>>>>>

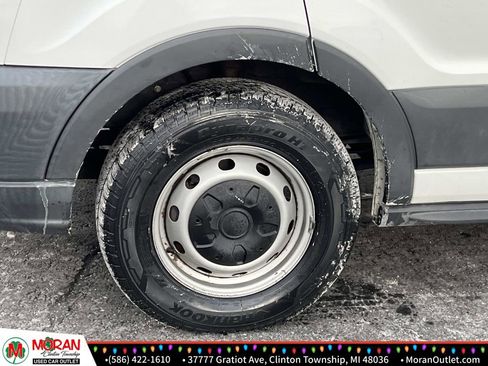 Used 2016 Ford Transit 150 XL image 10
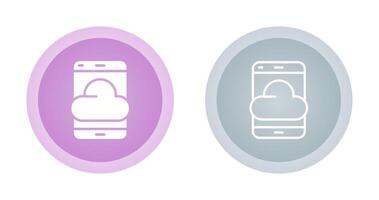 Application Hosting Vector Icon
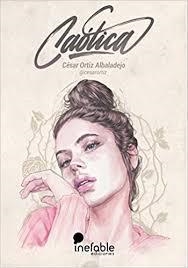 CAÓTICA | 9788494956195 | ORTIZ ALBALADEJO, CÉSAR | Llibreria La Gralla | Librería online de Granollers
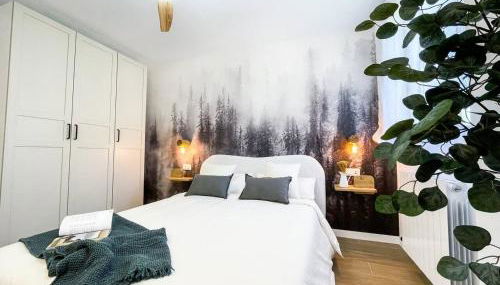 IMROF - Mountain Lodge - Foto 2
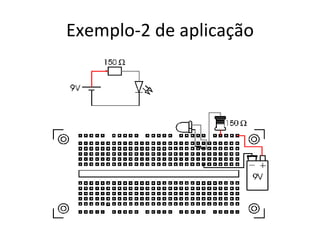 Exemplo-2 de aplicação 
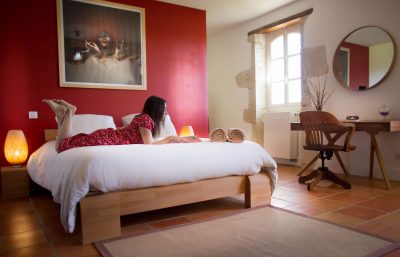 Chambre d’hôtes en Gers, Midi-Pyrénées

<<<<<

PROBLEM STATEMENT: Give back all of the material exactly, though without the images it contains.

EXPECTED ANSWER:
 Used 2016 Ford Transit 150 XL image 10
 Application Hosting Vector Icon
 CAÓTICA | 9788494956195 | ORTIZ ALBALADEJO, CÉSAR | Llibreria La Gralla | Librería online de Granollers
 IMROF - Mountain Lodge - Foto 2
 Exemplo-2 de aplicação 
 Chambre d’hôtes en Gers, Midi-Pyrénées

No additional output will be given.